Críticas AdoroCinema
4,0
Muito bom
Um Pombo Pousou num Galho Refletindo sobre a Existência

A estranha vida comum

por Francisco Russo

Um Pombo Pousou num Galho Refletindo sobre a Existência é um filme estranho, é preciso avisar de imediato. Entretanto, não se trata de uma estranheza ruim, destrutiva, mas daqueles raros exemplares que, vez ou outra, surgem para quebrar a rotina cinematográfica. O mais curioso é que a matéria-prima do longa-metragem é justamente esta: a rotina do dia a dia, mais exatamente, de dois vendedores ambulantes entediados. Mas, mesmo eles não são onipresentes no longa-metragem, surgem aqui e ali, de forma a dar alguma continuidade à história como um todo. Repetindo: alguma.

Um Pombo... na verdade se assemelha mais aos filmes do saudoso Monty Phyton, repleto de esquetes irônicas que nem sempre interagiam entre si. O diretor Roy Andersson vai ainda mais longe: se nos filmes do Phyton há ao menos uma subtrama a cada nova historieta, aqui a graça às vezes vem do simples observar o que está acontecendo.
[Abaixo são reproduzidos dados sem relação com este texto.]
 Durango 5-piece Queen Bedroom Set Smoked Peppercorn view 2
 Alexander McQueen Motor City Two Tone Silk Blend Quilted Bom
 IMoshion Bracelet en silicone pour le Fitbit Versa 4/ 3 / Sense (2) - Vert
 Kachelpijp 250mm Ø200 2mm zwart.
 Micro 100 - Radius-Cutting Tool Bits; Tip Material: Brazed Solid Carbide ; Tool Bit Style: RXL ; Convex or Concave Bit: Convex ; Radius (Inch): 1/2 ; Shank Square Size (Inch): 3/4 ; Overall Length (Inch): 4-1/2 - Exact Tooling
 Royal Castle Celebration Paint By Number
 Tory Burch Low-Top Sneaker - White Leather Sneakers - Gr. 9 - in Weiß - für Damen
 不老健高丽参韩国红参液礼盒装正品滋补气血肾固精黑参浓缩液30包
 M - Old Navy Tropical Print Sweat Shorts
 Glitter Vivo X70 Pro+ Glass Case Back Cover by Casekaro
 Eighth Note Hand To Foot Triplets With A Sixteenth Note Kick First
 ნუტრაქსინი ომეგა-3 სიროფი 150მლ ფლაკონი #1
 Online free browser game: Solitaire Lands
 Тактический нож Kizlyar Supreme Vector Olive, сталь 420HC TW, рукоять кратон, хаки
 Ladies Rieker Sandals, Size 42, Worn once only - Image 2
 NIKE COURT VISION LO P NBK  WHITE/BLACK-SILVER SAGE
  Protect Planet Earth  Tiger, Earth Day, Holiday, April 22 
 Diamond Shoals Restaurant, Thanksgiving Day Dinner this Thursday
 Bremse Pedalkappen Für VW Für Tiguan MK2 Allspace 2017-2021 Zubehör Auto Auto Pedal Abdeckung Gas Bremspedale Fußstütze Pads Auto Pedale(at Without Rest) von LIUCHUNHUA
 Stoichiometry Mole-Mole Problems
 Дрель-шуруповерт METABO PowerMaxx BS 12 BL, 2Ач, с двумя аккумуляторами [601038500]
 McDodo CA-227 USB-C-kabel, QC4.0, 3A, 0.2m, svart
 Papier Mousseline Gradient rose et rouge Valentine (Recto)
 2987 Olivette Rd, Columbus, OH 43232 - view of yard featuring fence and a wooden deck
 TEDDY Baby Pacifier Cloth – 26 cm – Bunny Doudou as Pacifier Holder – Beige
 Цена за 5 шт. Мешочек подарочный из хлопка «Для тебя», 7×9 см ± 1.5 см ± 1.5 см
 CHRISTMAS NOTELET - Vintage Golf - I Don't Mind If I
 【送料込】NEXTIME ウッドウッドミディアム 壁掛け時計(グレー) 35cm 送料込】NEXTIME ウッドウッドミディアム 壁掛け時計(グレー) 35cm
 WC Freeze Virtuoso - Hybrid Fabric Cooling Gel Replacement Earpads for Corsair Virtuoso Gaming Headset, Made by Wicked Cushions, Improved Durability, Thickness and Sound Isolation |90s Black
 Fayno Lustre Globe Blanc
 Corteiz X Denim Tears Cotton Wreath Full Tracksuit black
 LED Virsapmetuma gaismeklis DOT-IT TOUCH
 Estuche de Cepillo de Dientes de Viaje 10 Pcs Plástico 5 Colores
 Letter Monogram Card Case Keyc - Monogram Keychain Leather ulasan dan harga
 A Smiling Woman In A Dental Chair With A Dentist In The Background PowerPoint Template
Só que o universo retratado no longa-metragem, repleto de pessoas pálidas graças ao excesso intencional de maquiagem, é tão seco no sentido emocional que, muitas vezes, se tem a sensação de ser uma sociedade "morta". Também por isso, os raros momentos em que a emoção enfim vem à tona ganham tanto destaque.

Dotado de um senso crítico afiado, em relação às mesquinharias da vida diária em sociedade, o diretor (que também escreveu o roteiro) não tem medo de ir fundo no sarcasmo e no humor negro. Diante desta proposta, Um Pombo... oferece alguns momentos brilhantes - as esquetes situadas no bar, quando o exército passa pelo local, e a do beijo, exibida em flashback, são de gargalhar - e outras incômodas pela frieza absoluta - as primeiras, relatando encontros com a morte, por exemplo. Entretanto, em seu terço final o longa sofre uma mudança um tanto quanto brusca, de forma a ficar ainda mais pesado. Por mais que a esquete em questão seja significativa e extremamente ácida, fazendo referência à escravidão, ela destoa do filme como um todo por ser bem mais amarga e também pelo uso de efeitos especiais, intencionalmente canhestros. O olhar dos soldados para o público, como se perguntassem o que você está achando do que está na tela, deixa nítida que a intenção de Andersson era realmente cutucar com vara curta.

Conceitualmente muito bem definido e dividido em 39 esquetes (para um filme de 1h40, ou seja, média de 2,5 minutos para cada uma), Um Pombo... é um filme incomum e também necessário, por mais esta vertente apresentada dentro da narrativa cinematográfica. Trata-se de um filme repleto de situações insólitas onde tudo o que acontece na tela é relevante, já que pode retornar numa esquete futura, mas que peca por uma certa irregularidade, normal em filmes episódicos, e também por este contraste brusco em sua reta final. Ainda assim, merece ser visto pelo formato inusitado e por algumas tiradas impagáveis.

Filme visto no 71º Festival de Veneza, em setembro de 2014.